Russian tycoon Rybolovlev arrested for corrupting Monaco officials in billion-dollar art case

  07 November 2018    Read: 1598
Russian tycoon Rybolovlev arrested for corrupting Monaco officials in billion-dollar art case

Fertilizer and football magnate Dmitry Rybolovlev has been detained for using money and favors to secure backing from Monaco officials in his bitter high-stakes battle against his former art dealer.

Police searched the $300 million Cote d’Azur penthouse that belongs to Rybolovlev on Tuesday morning, according to Le Monde. The businessman, whose fortune is estimated at $6.8 billion by Forbes, was then taken into custody and charged with corruption and influence peddling.
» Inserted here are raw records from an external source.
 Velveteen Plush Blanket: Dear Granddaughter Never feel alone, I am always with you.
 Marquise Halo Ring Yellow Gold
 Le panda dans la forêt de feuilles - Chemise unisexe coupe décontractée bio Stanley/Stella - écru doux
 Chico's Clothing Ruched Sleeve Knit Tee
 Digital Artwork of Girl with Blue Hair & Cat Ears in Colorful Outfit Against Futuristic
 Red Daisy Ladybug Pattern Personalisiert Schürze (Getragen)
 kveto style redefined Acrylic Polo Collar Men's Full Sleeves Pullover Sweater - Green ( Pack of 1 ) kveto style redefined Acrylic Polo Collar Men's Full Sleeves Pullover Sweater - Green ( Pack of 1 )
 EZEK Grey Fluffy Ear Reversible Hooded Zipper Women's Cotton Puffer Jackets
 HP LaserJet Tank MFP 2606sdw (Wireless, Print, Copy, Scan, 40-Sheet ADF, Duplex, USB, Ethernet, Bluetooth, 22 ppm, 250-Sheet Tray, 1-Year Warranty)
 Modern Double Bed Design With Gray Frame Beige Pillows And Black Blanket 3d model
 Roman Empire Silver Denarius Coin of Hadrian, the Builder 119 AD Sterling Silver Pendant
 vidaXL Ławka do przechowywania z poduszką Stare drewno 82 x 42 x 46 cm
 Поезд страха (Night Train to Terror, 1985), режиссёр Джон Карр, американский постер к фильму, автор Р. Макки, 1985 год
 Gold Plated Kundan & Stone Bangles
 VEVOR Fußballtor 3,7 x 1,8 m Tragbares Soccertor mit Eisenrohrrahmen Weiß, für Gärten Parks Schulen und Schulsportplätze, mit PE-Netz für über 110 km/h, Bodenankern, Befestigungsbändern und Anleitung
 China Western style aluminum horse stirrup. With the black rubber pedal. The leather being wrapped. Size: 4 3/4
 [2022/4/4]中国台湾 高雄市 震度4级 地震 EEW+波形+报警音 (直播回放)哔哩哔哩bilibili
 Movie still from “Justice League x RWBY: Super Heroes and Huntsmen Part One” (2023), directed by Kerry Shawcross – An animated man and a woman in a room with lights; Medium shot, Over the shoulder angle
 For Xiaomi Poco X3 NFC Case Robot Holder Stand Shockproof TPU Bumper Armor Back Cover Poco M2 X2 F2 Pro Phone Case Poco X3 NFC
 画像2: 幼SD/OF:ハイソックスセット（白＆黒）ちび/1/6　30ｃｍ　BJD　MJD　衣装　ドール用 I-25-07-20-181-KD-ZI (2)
As the 51-year-old remained behind bars, his football team, AS Monaco, took to the field in the Champions League at the Stade Louis II, several hundred meters away.

Rybolovlev leaves Monaco court following another hearing over his art dispute with Yves Bouvier last month. ©  VALERY HACHE / AFP
Last September, Philippe Narmino, the justice minister of the principality, resigned his post in connection with the case. The net had been closing on the Urals-born billionaire in recent months, as officials declared that he was under investigation for exploiting his “shadowy” network of influence to persuade officials to lure and arrest Yves Bouvier, a Swiss art dealer whom Rybolovlev accuses of defrauding him.

Thick as thieves

The arrest is the latest dramatic chapter in a half-decade marked by spectacular turns of fortune for the Russian, making headlines in the business, art, sports, and politics sections of newspapers worldwide.

A cardiologist by training, Rybolovlev made the bulk of his capital when he was able to cheaply acquire the majority of Uralkali, a major potash concern, following its post-Soviet privatization, and develop it into a multi-billion dollar company in subsequent years.

This is not the first time he has been arrested. Rybolovlev also spent a year in jail in Russia on charges of murdering a business rival in the mid-1990s, before being acquitted due to an 11th-hour confession from another man.

His current predicament began when he became the client of Bouvier, art dealer to the super-rich, in 2003. Over the next decade, the offshore expert linked with multiple separate money laundering and fraud allegations helped the Russian acquire one of the world’s foremost private art collections, spanning from the Renaissance masters to Picasso and Mark Rothko.

The relationship went sour in 2013, when Rybolovlev claimed that he discovered Bouvier’s “betrayal.” The Russian says that instead of taking the art dealer’s two-percent cut, Bouvier had been acting as a secret middleman – discreetly buying artworks on the cheap, and then selling them to the tycoon with a considerable mark-up, while pretending they were still owned by someone else. Rybolovlev says that between $500 million and $1 billion was siphoned off in several dozen deals, and stashed away in untraceable offshore accounts.

It is at this point that the Russian, who had settled in Monaco and bought its local football club before pumping in hundreds of millions of euros to return it to European prominence, decided to leverage his ties with local officials. Text messages found on Narmino’s phone indicate that Rybolovlev offered him and others football tickets, a ski trip in a private helicopter, and other perks as he plotted how to bring down Bouvier.

Eventually, Bouvier was charged with money laundering and fraud by the principality, where he had kept some of his assets. With that battle still going on, Rybolovlev started court proceedings against his elusive target in Hong Kong and Singapore, where they were rejected, and the US, where he also sued auctioneer Sotheby’s, claiming they were fully aware of Bouvier’s schemes.